Before delving into the intricacies of this reshuffle, it’s crucial to provide broader context on Russia’s political landscape, often termed as Putinism. Since 2012, the regime has visibly hardened, now unequivocally resembling a full-blown autocracy, particularly in the aftermath of the Ukraine conflict and Putin’s fifth presidential term. This hardening coincides with increased regime opacity, rendering it challenging to decipher. Consequently, we face a political system shrouded in secrecy, making it difficult to discern the motivations, intentions, or mechanisms driving its inner workings. As commentators, our task is complicated by the dearth of concrete insights, necessitating navigation through hints, rumours, and comparative analyses to arrive at the most plausible interpretations. Essentially, our reflections often amount to educated guesses or outright speculation.

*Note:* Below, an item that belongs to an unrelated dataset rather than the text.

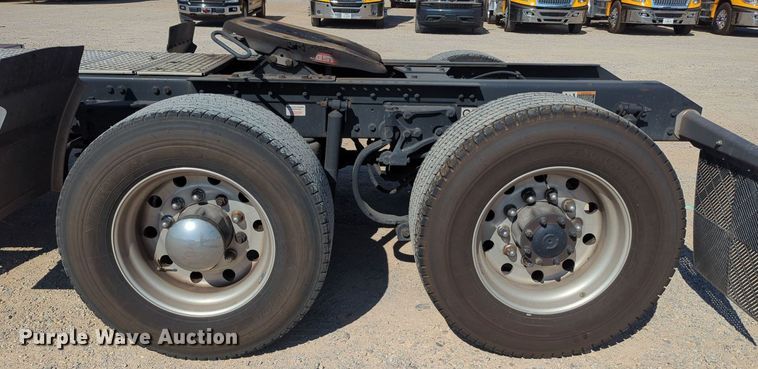 image for item MY9954 2020 Kenworth T680  semi truck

Moreover, inherent to this autocratic regime is its adeptness at maintaining strength by suppressing any opposition, whether from within its inner circle or society at large. This suppression constructs a facade of power, obscuring the structural vulnerabilities lurking beneath. Each day presents potential challenges that could threaten the regime’s survival. Thus, every action taken by Putin, including the recent government reshuffle, is geared towards fortifying the regime’s endurance and solidifying its hold on power. Undoubtedly, there is a tacit rationale behind the move—a rationale of survival—yet only time will reveal the success of the replacement in ensuring the regime’s longevity.

When discussing government reshuffles in Russia, providing context is essential. Specifically, such reshuffles are routine following the inauguration of a new Russian president. By law, the Russian government resigns at this juncture, with the president—typically Putin—appointing the key positions of a new administration. This transition provides an opportune moment to address any perceived issues without sparking undue speculation. This is especially pertinent given Russia’s current recapture of initiative on the Ukrainian front and the ongoing development of a counter-offensive, fostering a positive atmosphere. For instance, consider Shoigu’s hypothetical dismissal in the summer of 2022 due to tactical setbacks or in 2023 amidst the Prigozhin uprising. While such scenarios would logically justify Shoigu’s removal, Putin’s action at these pivotal moments could incite significant political unrest, hinting at a crisis and undermining the regime’s facade of strength.


The Mishustin government reconfirmed

Upon examining Putin’s anticipated government reshuffle, the absence of spectacle stands out. Most politicians holding key positions prior to Putin’s fifth presidential inauguration on May 7th remain unchanged, including key figures in power ministries. Notably, Prime Minister Mikhail Mishustin, Foreign Minister Sergey Lavrov, Interior Minister Vladimir Kolokoltsev, Finance Minister Anton Siluanov, and Minister of economic development Maxim Reshetnikov retain their posts. The only notable development is the promotion of Dmitry Patrushev, son of Nikolai Patrushev, to vice prime minister while overseeing agriculture and ecology. Furthermore, power institutions exhibit stability rather than change: Chief of the General Staff Valery Gerasimov, FSB Director Alexander Bortnikov, SVR Director Sergei Naryshkin, Chief of Russia’s National Guard Viktor Zolotov, and Federal Protective Service (FSO) head Dmitry Kochnev maintain their positions. Thus, it’s crucial not only to focus on spectacle and elements of change but also to recognize aspects that remain stable and unchanged.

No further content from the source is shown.